= Jocelyn Hayley =

Canadian civil engineer

Jocelyn L. Hayley (also published as Jocelyn L. H. Grozic) is a Canadian civil engineer whose research focuses on the interconnections between climate change, permafrost, gas hydrates, and submarine landslides. She is a professor of civil engineering at the University of Calgary, a former department head, and a former associate dean of research in Calgary's Schulich School of Engineering.

==Education and career==
Hayley's father, Don Hayley, is a geotechnical engineer, and her mother is a biologist. She grew up near Edmonton, Alberta. Hayley received a bachelor's degree in civil engineering from the University of Alberta in 1994. Continuing her graduate studies at the University of Alberta, she completed her Ph.D. in 1999, supervised by Norbert Morgenstern and Peter Robertson.

She worked for two years in industry, and was a postdoctoral researcher at the Norwegian Geotechnical Institute, working there with Suzanne Lacasse, before taking her present position at the University of Calgary in 2001. She became the first woman to become a faculty member in the Department of Civil Engineering. She was associate dean of research in Calgary's Schulich School of Engineering from 2015 to 2018, and became department head in 2018.

==Recognition==
Hayley was named as a Fellow of the Engineering Institute of Canada in 2017, after a nomination from the Canadian Geotechnical Society.
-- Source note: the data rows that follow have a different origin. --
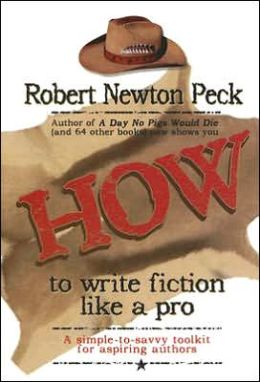 How to Write Fiction Like a Pro: A Simple-To-Savvy Toolkit for Aspiring Authors Robert Newton Peck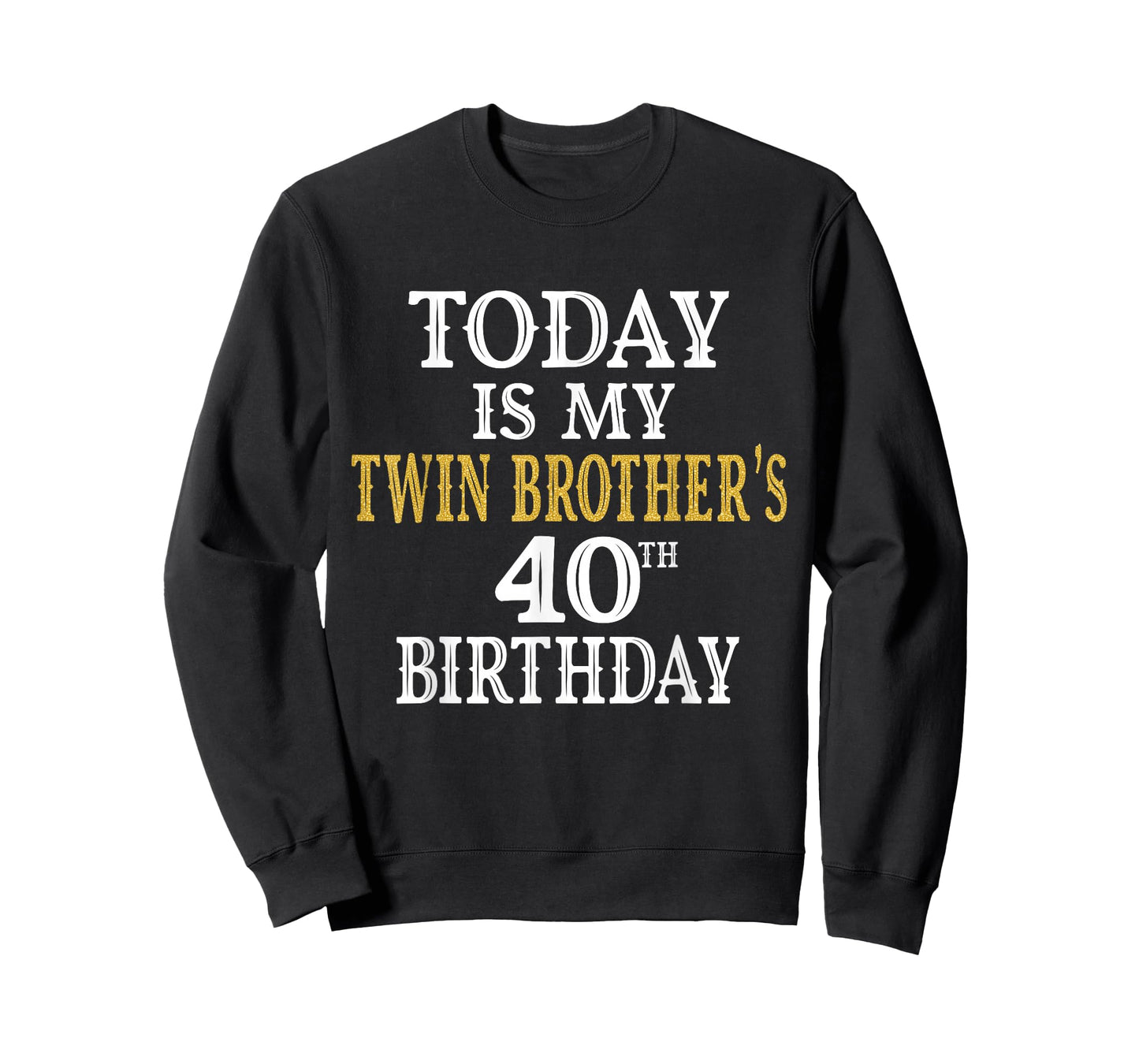 Today Is My Twin Brother's 40th Birthday Party 40 Years Old T-Shirt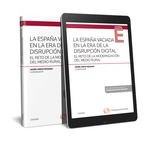 LA ESPAÑA VACIADA EN LA ERA DE LA DISRUPCIÓN DIGITAL (PAPEL + E-BOOK)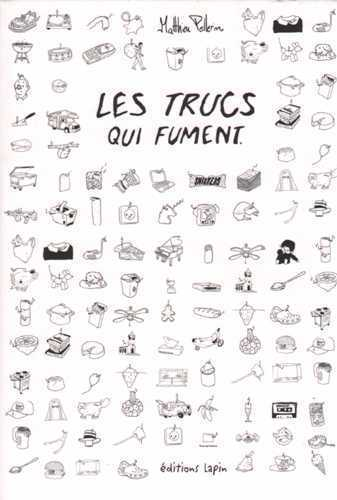 Trucs Qui Fument (Les)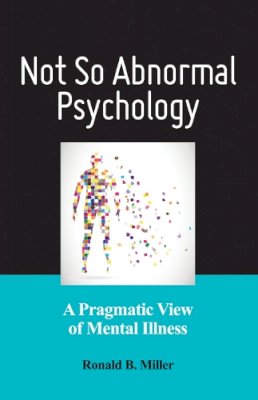 Ronald B. Miller - Not So Abnormal Psychology: A Pragmatic View of Mental Illness - 9781433820212 - V9781433820212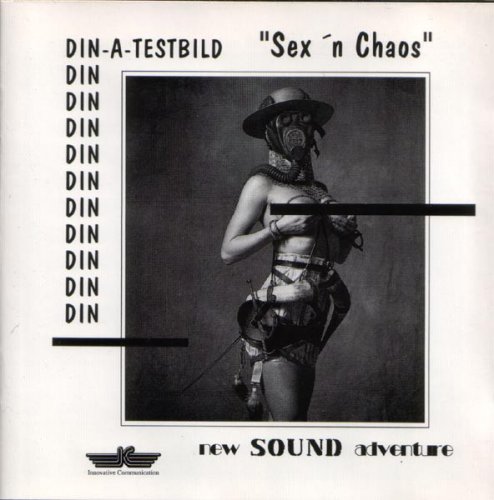 Din A Testbild - Sex 'n Chaos (1993)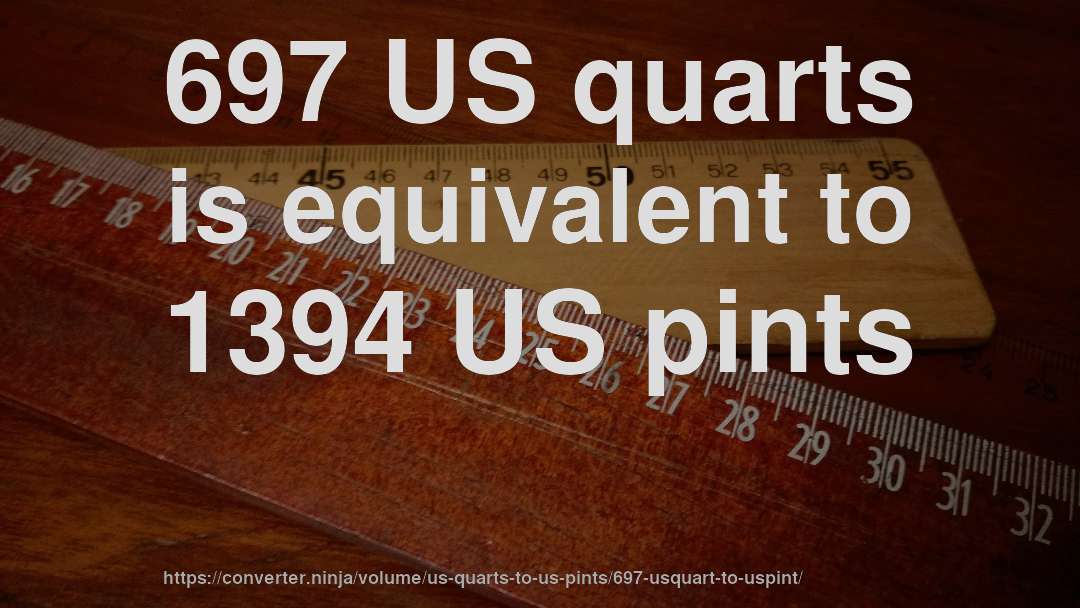 697 US quarts is equivalent to 1394 US pints
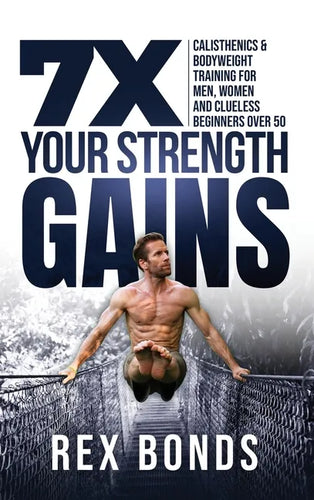 7X Your Strength Gains Even If You're a Man, Woman or Clueless Beginner Over 50: Bodyweight Training Exercises and Workouts A.K.A. Calisthenics - Hardcover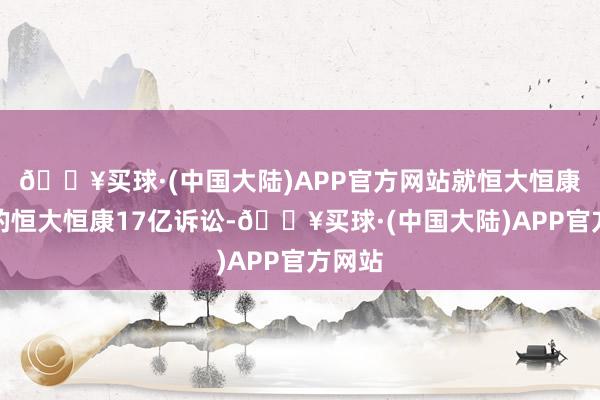 🔥买球·(中国大陆)APP官方网站就恒大恒康建议的恒大恒康17亿诉讼-🔥买球·(中国大陆)APP官方网站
She is a 2024 Fellow of the Canadian Academy of Engineering.

Hayley was the 2001 recipient of the Leaders of Tomorrow award of Alberta's ASTech Foundation. The Association of Professional Engineers and Geoscientists of Alberta gave Hayley their 2004 Early Accomplishment Award and their 2017 Women in Engineering and Geoscience Champion Award. She was the 2023 recipient of the Canadian Pacific Railway Engineering Medal of the Engineering Institute of Canada.

She gave the R. M. Hardy Keynote Address at GeoCalgary 2022, the first woman keynote speaker in the 75-year history of the conference, and she was the Fall 2024 Cross Canada Lecturer of the Canadian Geotechnical Society.